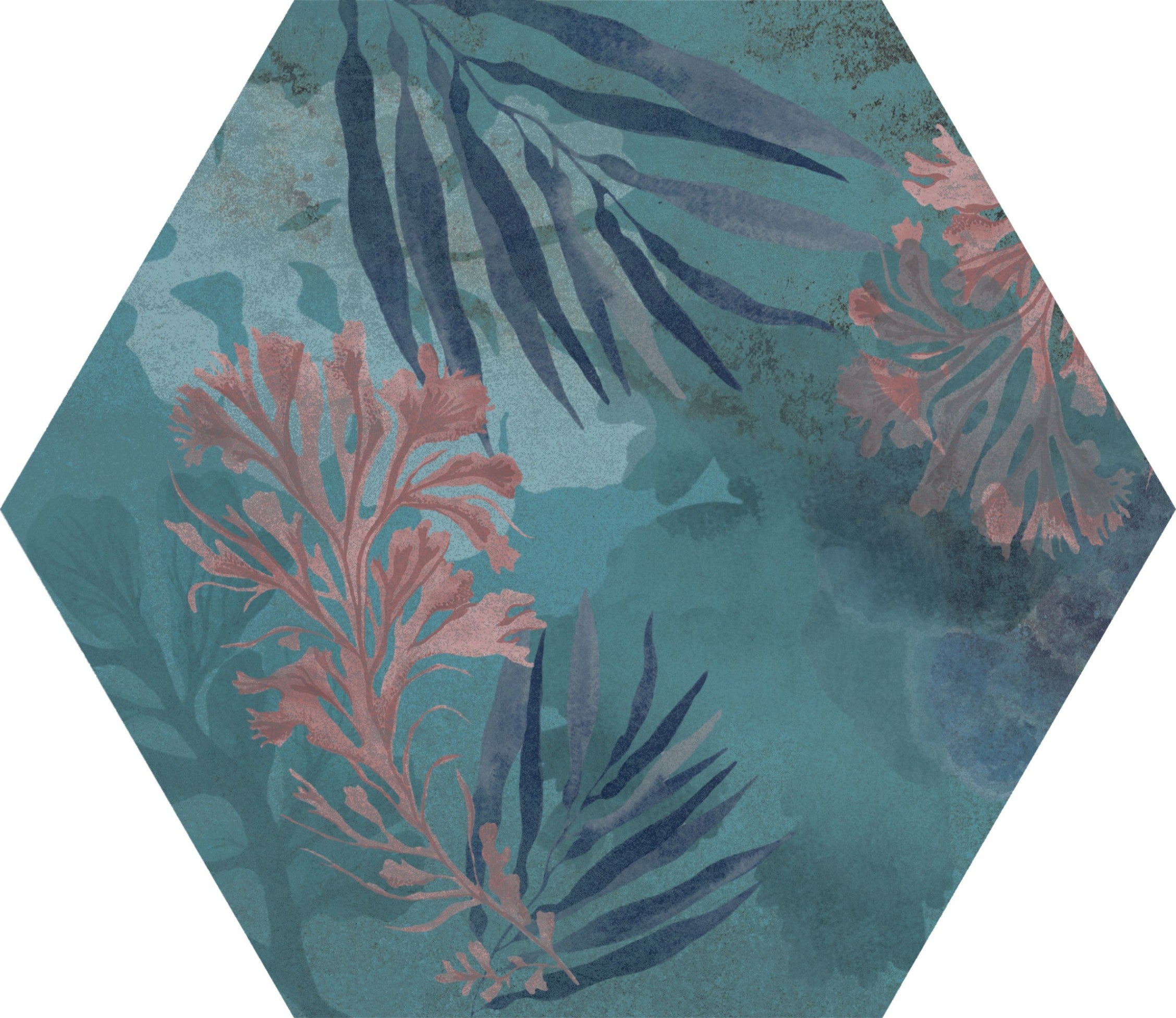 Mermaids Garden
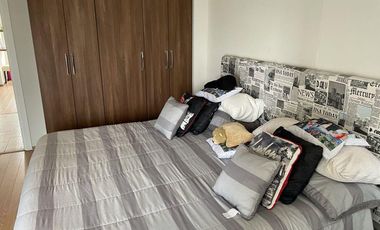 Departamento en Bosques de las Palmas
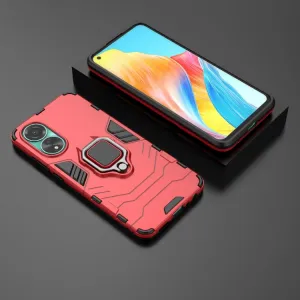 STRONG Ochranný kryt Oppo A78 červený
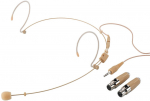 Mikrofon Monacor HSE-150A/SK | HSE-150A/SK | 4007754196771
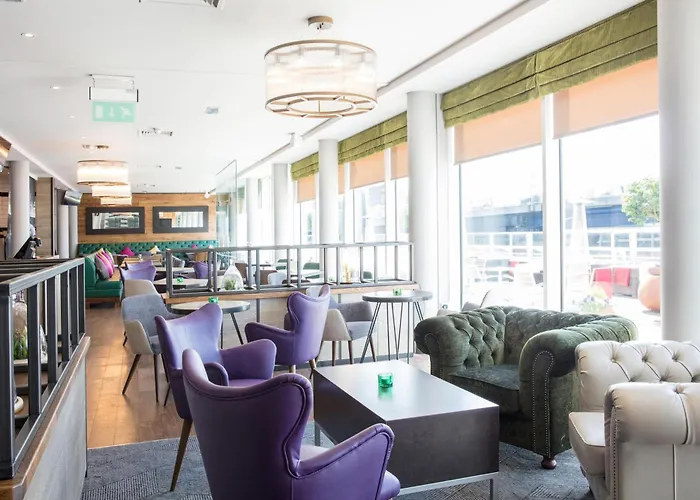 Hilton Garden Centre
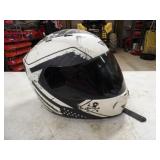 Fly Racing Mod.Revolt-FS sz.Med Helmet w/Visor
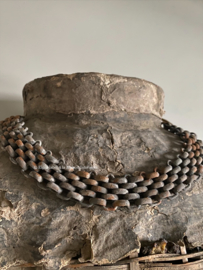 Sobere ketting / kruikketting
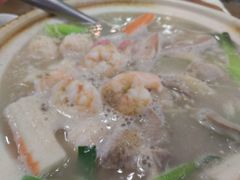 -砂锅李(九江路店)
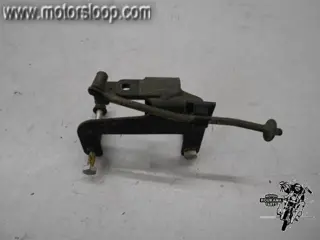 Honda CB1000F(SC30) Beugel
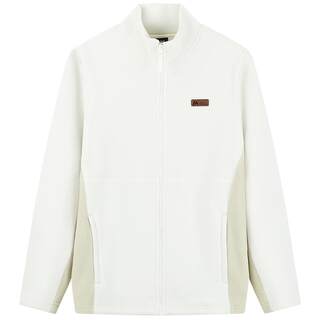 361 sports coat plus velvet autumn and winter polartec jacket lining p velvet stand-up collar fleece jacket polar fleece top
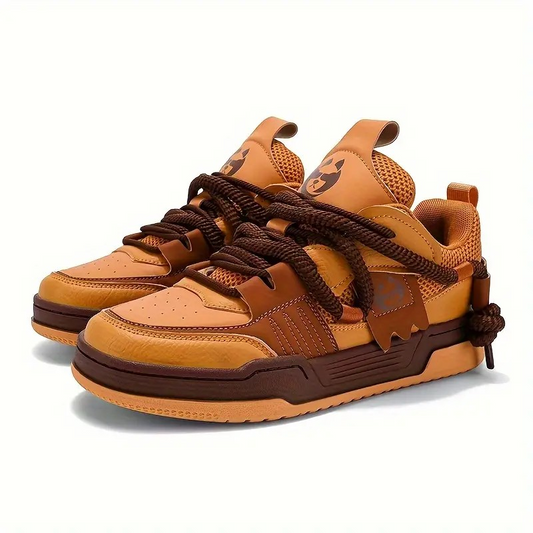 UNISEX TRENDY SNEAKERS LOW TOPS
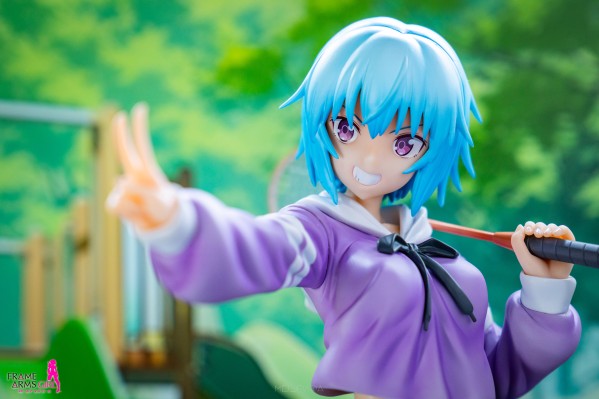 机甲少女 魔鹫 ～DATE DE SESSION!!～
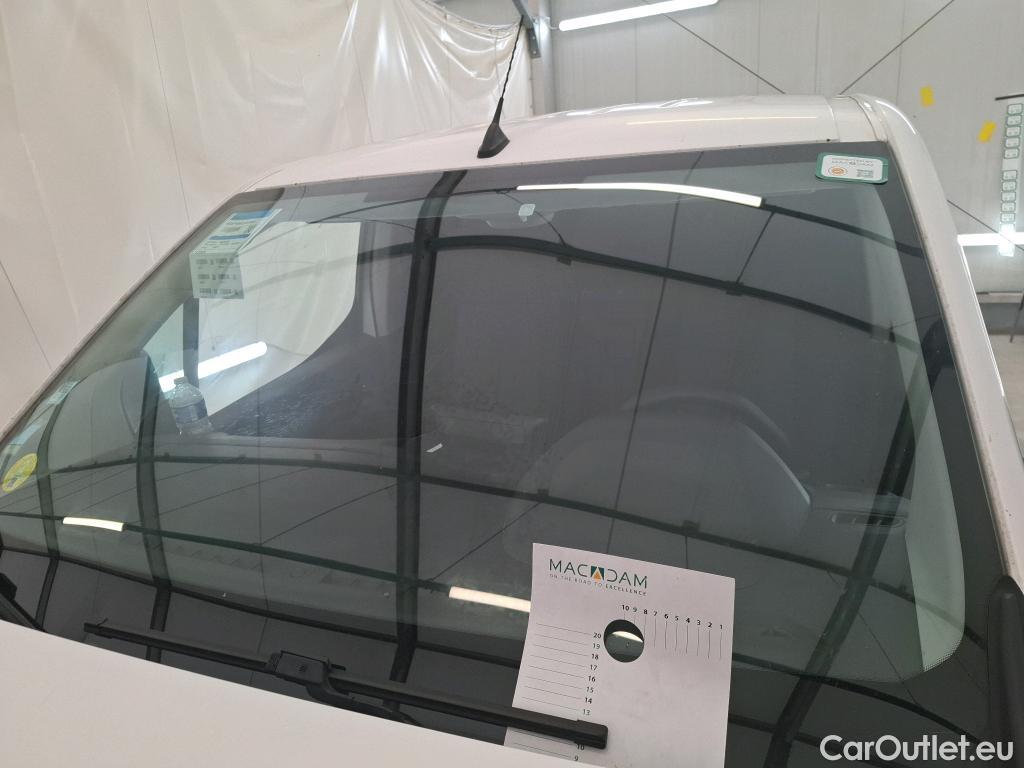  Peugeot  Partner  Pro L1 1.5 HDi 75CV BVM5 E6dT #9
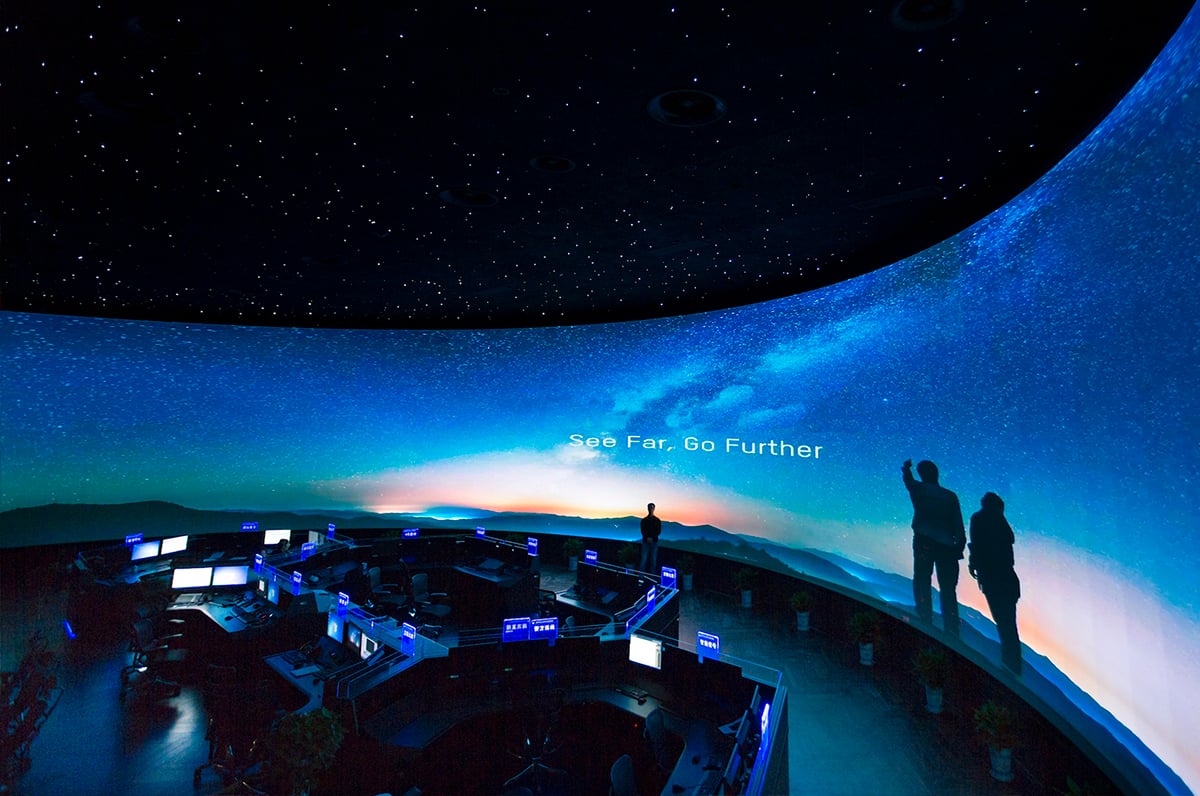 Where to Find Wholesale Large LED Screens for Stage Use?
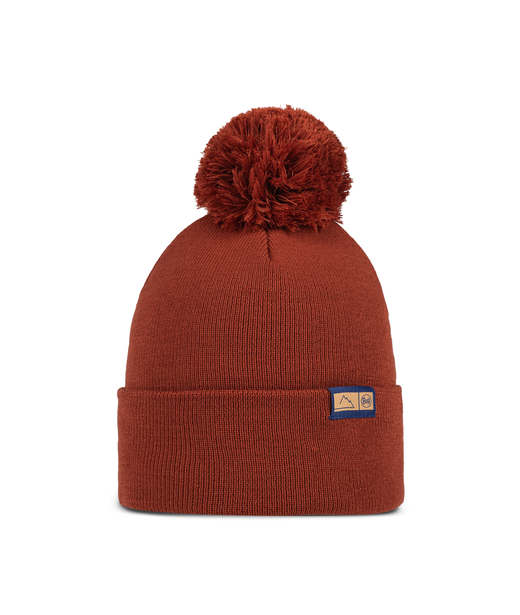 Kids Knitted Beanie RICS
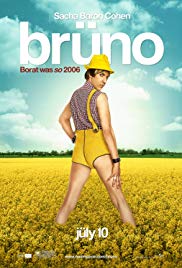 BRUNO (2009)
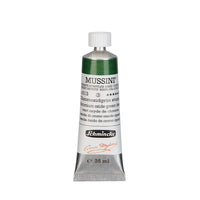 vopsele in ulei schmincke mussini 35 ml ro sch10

########################################

**Action item**
Return the line containing "Mikrofon Monacor HSE-150A/SK" and every line after it through the end of the records above, exactly and nothing else, but not the pictures.

**Response to the exercise**
 Mikrofon Monacor HSE-150A/SK | HSE-150A/SK | 4007754196771
 Hilton Garden Centre
 Fly Racing Mod.Revolt-FS sz.Med Helmet w/Visor
 Sobere ketting / kruikketting
 -砂锅李(九江路店)
 Honda CB1000F(SC30) Beugel
 361 sports coat plus velvet autumn and winter polartec jacket lining p velvet stand-up collar fleece jacket polar fleece top
 UNISEX TRENDY SNEAKERS LOW TOPS
 机甲少女 魔鹫 ～DATE DE SESSION!!～
  Peugeot  Partner  Pro L1 1.5 HDi 75CV BVM5 E6dT #9
 Where to Find Wholesale Large LED Screens for Stage Use?
 Kids Knitted Beanie RICS
 BRUNO (2009)
 vopsele in ulei schmincke mussini 35 ml ro sch10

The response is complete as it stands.